As may be clear from this quick tour of Blood Bitch, there is not much of what might be called “a coherent narrative” present, despite every moment being unifyingly bloodspattered. In fact, in ‘Untamed Region’ there’s an extract from an Adam Curtis monologue about nonlinearity. (Again, why I kept on trying to read this album as a gothic novel rather than a celebration of the multi-verse, I have no idea.) And that’s why finally accepting that the vampire thing is somewhat of red herring was so liberating.
Some seem really invested in making this ‘vampire Jenny Hval record’ thing happen, and yes, there is some stuff about a vampire in there. I believe, from the press release, they are Woolfianly named Orlando. And while I understand this allusion may be freeing to some, I found the process of trying to unite the record around one figure, no matter how malleable or paranormal, too claustrophobic.

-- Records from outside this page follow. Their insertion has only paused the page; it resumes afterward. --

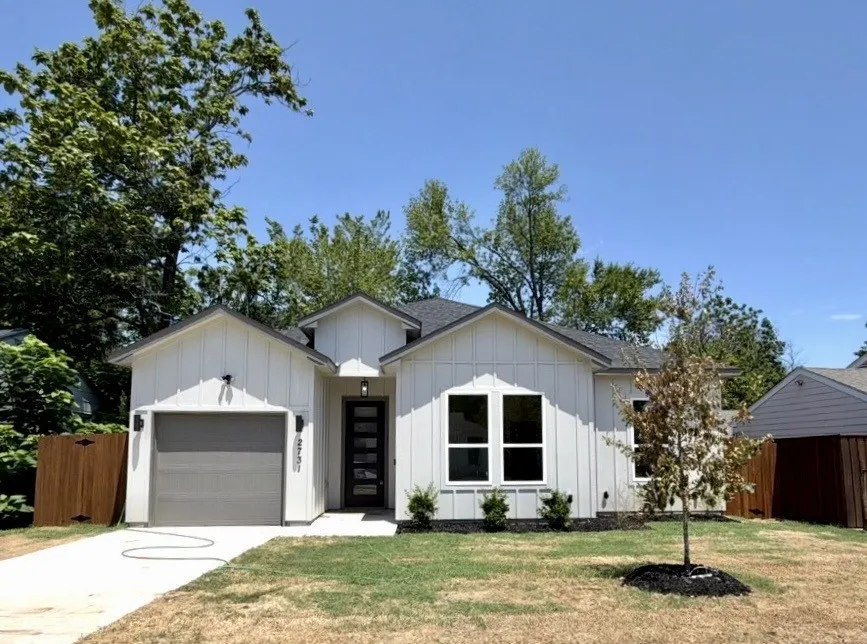 Single Family Residence For Sale in Dallas County , 2731 Moffatt Avenue, Dallas, Texas 75216, 4 Bedroom, 2 Bathroom, 1 Garage spaces, 1,612 Sqft, built in 2026, mls#21360869, Real Estate Agent in Dallas, Homes For Sale in Dallas county, Homes For Sale in Dallas, Realtor in Dallas Texas, Real Estate Brokerage Independent Realty Texas, Luminita Cordes Realtor
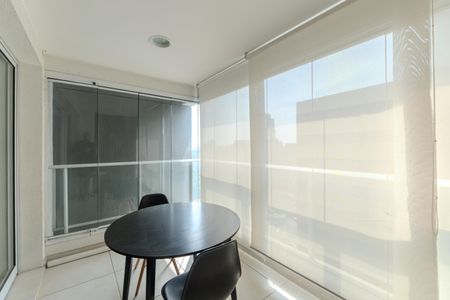 Studio à venda com 35m², 1 quarto e 1 vaga Studio à venda com 35m², 1 quarto e 1 vagaSacada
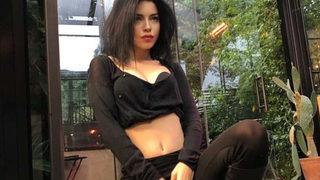 Merve Boluğur'un havuz keyfi! Mayolu pozlarını paylaştı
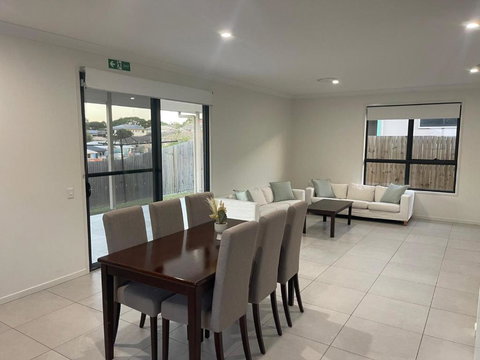 Redbank Plains Cozy Retreat - Accommodation Sydney 1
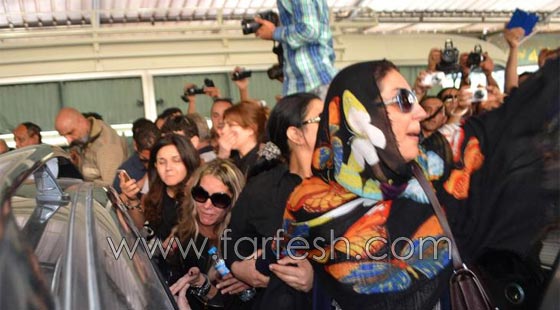 صور الفنانين في عزاء الفنان الراحل حسن مصطفى  صورة رقم 9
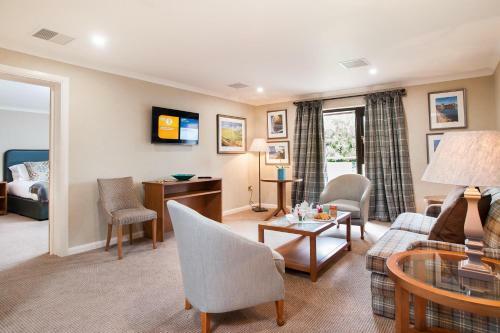 Parkway Hotel & Spa
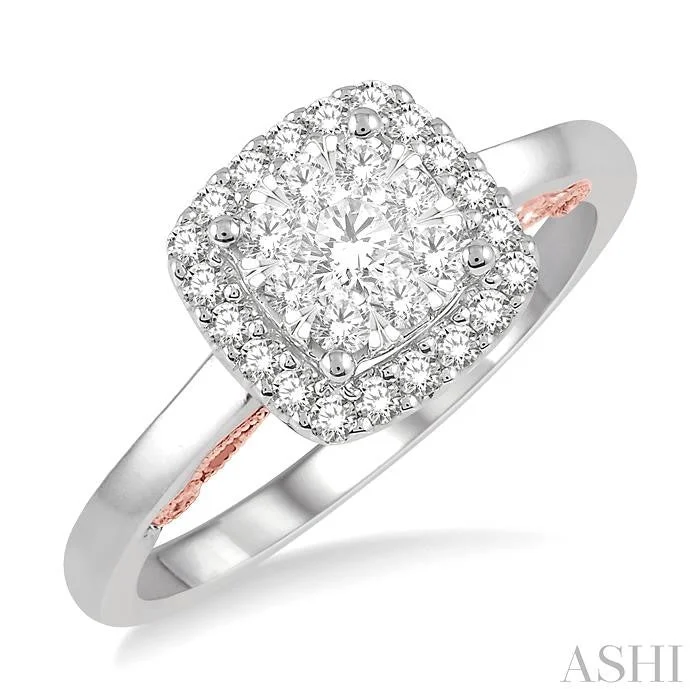 CUSHION SHAPE HALO LOVEBRIGHT ESSENTIAL DIAMOND RING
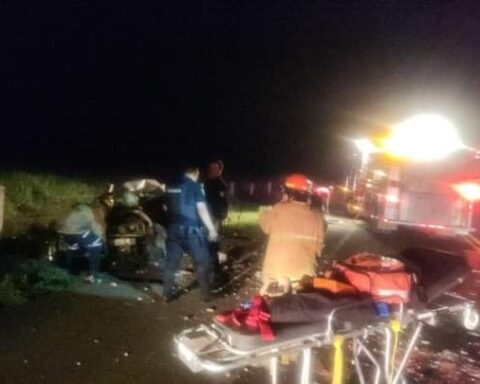 Siniestro vial de Josué y Fernanda en Autlán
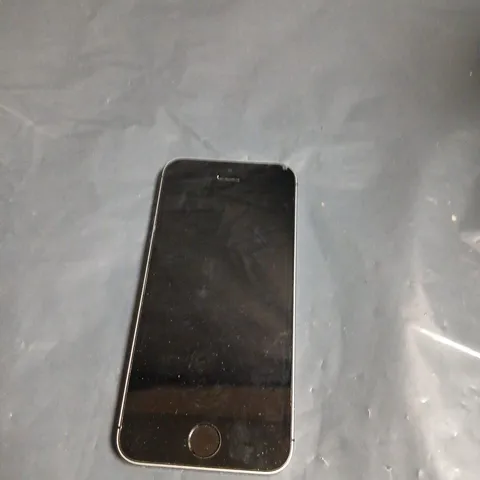 APPLE IPHONE – SILVER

Blood Bitch, to me, is a palimpsest of ancient themes – menstruation, lunar cycles, nature, witchcraft – that are constantly vibrating against each other, and that don’t need to be centred around a character, or indeed, Hval, to make cosmic sense. They are part of a porous palette, rather than a collection of connatively dense symbols with things to teach us, like when saints hold stuff in cathedral friezes.
In her ability to summon all these tangents into one form, Hval signals that she understands where the rewards from art and music intersect, and how nonsense can be beautifully exploited. Like a lot of ‘serious listening’ music, it often works best when you permit yourself some passivity. By both embracing my mate’s reminder of her pranksterism, and viewing Hval as a conceptual artist, rather than a conceptual musician, an artist, or indeed a poet, one can be freed to enjoy this as the eccentric pop album that it is. I’ve never had a chorus earworm with the word ‘capitalism’ in it before, and I think I probably won’t ever again. And that’s part of the reason why letting her semi-lucid universe of blood, spells and sleep wash over you is so rewarding.